Software 2.5, Software 3.0 and Software 3.5
A couple of weeks ago Andrej Karpathy generated a ton of buzz with a talk where he presented the idea of Software 3.0 - describing LLMs as the next revolution of computers and programming itself - the transition from programming language-driven machines to natural language-driven machines. The software 1.0 inbetween is the age of AIs that are not instructed but trained.
Karpathy does a great job setting up these big eras - but reflecting on the current state of AI and AI history I think we can suggest a litte more detail and further developments.
There was a time when Everyone Knew - that to do true AI we needed to figure out how to make computers reason (whatever that meant then and means now) over symbols - inside a thinking machine there would be some kind of world model with syllogisms and laws that the robot knows we should observe - in other words - intelligence, in this thinking is certainly not just autoregressive word salad however tasty the word salad is.
This was the era Prolog, Cyc and similar ideas. You still find this core thinking in AI critiques like that of Gary Marcus. It's an age-old conflict. It has played our for decades on a small scale in the field of speech recognition - as the battle between linguists with syntax models and engineers using a purely statistical/information theoretical approach. A famous quip from Fred Jelinek shows the fierceness of the fight: "Every time I fire a linguist, the performance of the speech recognizer goes up"
The problem of certainty remains, though. The models are not self aware and consequently also not aware of the mistakes they make and this basic insuffiency shows up all over the place.
Software 2.5
There's been a couple of approaches to dealing with it. A first approach - we can call this software 2.5, software that's not quite 3.0 - is to instruct the LLMs to build a programmed solution for the problem. LLMs are great at building code - and programming languages offer us an ability to add a little rigor and structure to solutions. We can require the production to be testable as an example - demand LLM-derived programs that have a certain interface and so on.
Software 3.0
The current approach in software 3.0 is reasoning models - instead of adding rigor and structure with code - add rigor by playing out the initial answer as language and basically feeding this approach into the model itself for further production. This also adds depth since some of the structure can be planning and so on. This works remarkable well and has led to the most recent revolutions in performance just last week - with both OpenAI and Google reporting progress in math reasoning - by achieving the crazy feat of gold in the math olympics. Of special relevance here is a technical improvement over Google's previous math olympics results: Previously the team had translated the problems from natural language to a formal programming language for theorem proving and worked from that. This time around they did not. To paraphrase, they fired a linguist and the results improved.
Software 3.5
But this is of course math... a highly controlled and closed domain.. very, very different from the real world. For one thing - there's a grading at the end and that's the only way we know this even worked. There's no such thing in the real world.

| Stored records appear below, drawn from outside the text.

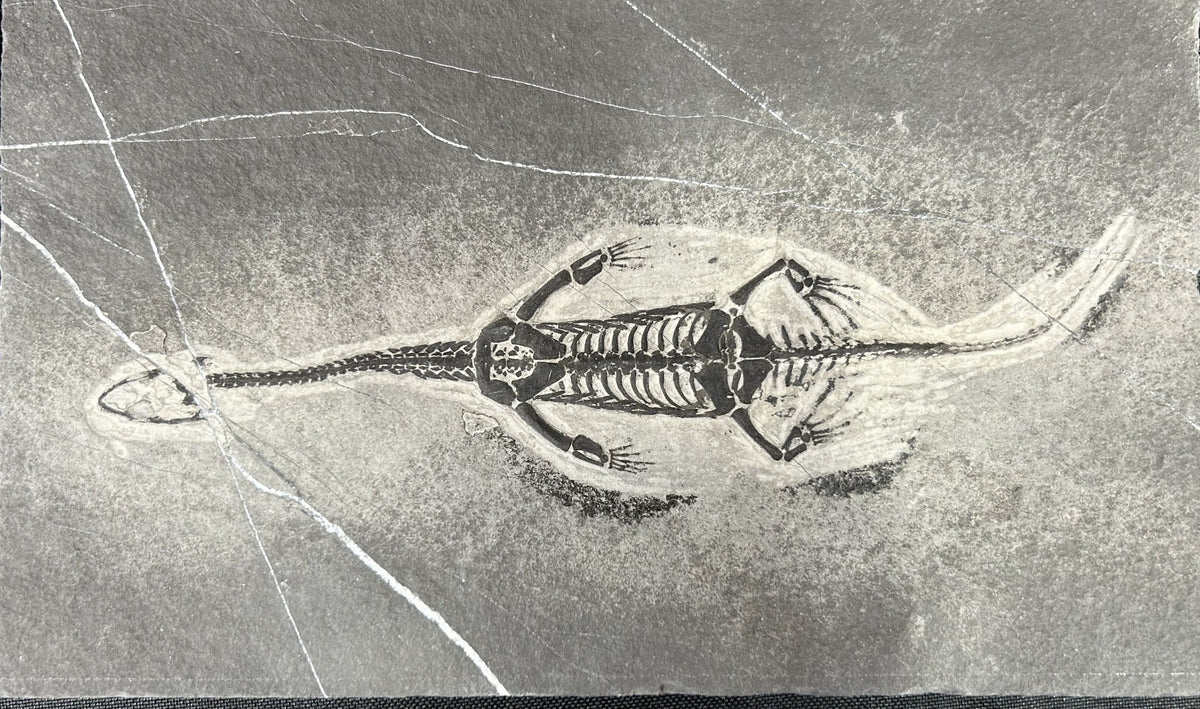 Stone Fossil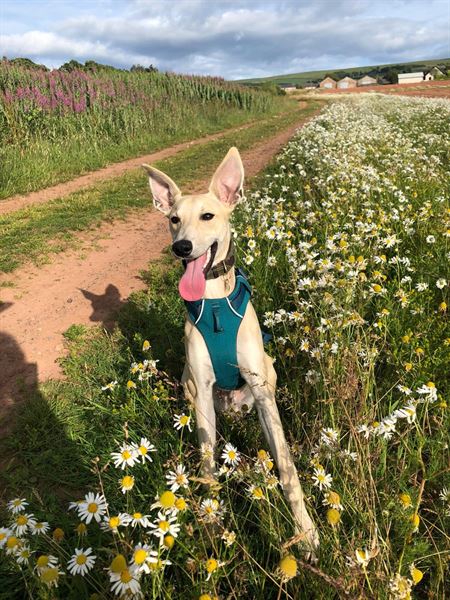 Zena Conkey tweet media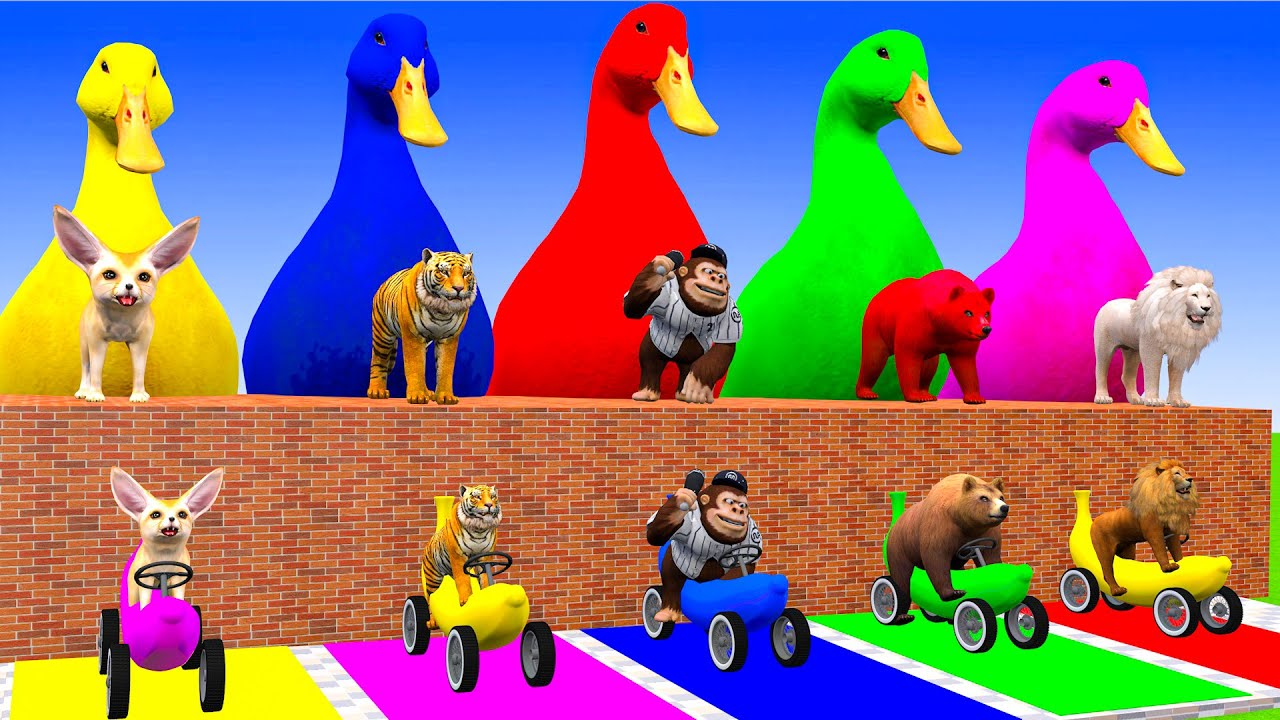 Long Slide Game With Elephant Gorilla Buffalo Hippopotamus Tiger 3d Animal Game Funny 3d Animals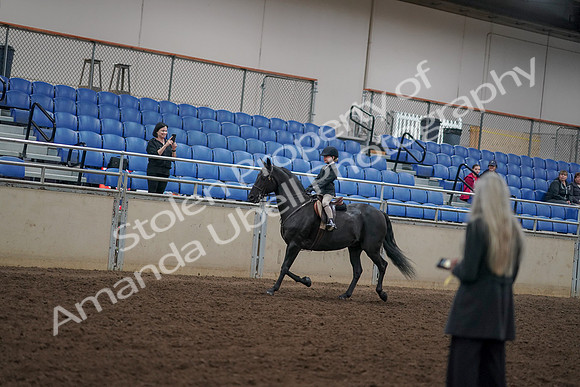 2019 Morgan Horse Show - Aug 30, 2019 - 12675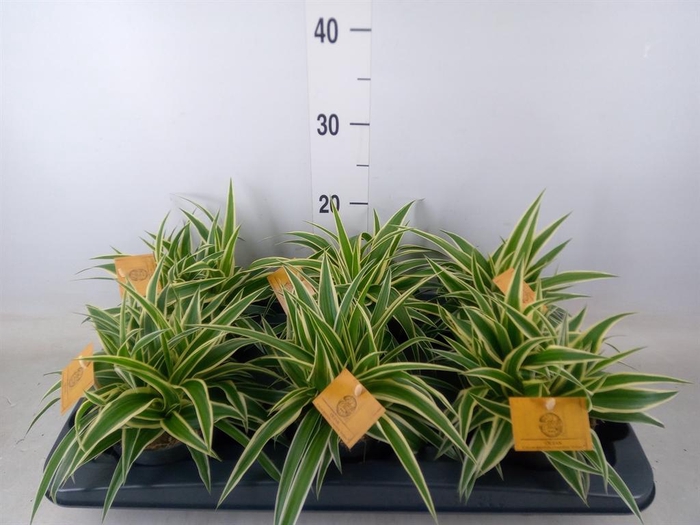 <h4>Chlorophytum com. 'Ocean'</h4>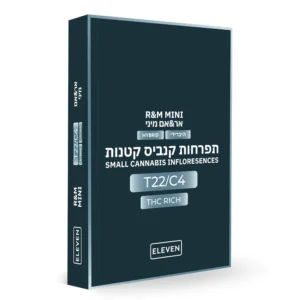 אר&אם מיני (R&M Mini)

My gut feeling is that we'll see a reemergence of the old symbolic AI before we're done with this revolution... but in the form of an upgrade of the neural reasoning models from running on text tokens to running on bytecodes - the symbols will come back - as improved software on the 3.0 stack - software 3.5. The reason I think this will happen is that the future AIs need to be able to replay and verify the answers - and that this needs to be a lot more fluid than running tools to evaluate programs.
There are engineering reasons we need an upgrade also - the pure text models are inherently unsafe - offering close to no boundaries between data and input - making them extremely vulnerable to injection and other attacks. This vulnerability is a big technical problem in deploying AI in any interactive but important domain - but it is also a huge weakness in terms of intelligence. A truly intelligent bot must understand the difference between 'self' - the bytecode or core generation - and 'other' - the inputs.
I don't see this as possible at all in a 'pure text' universe - 3.0 will need an upgrade to 3.5.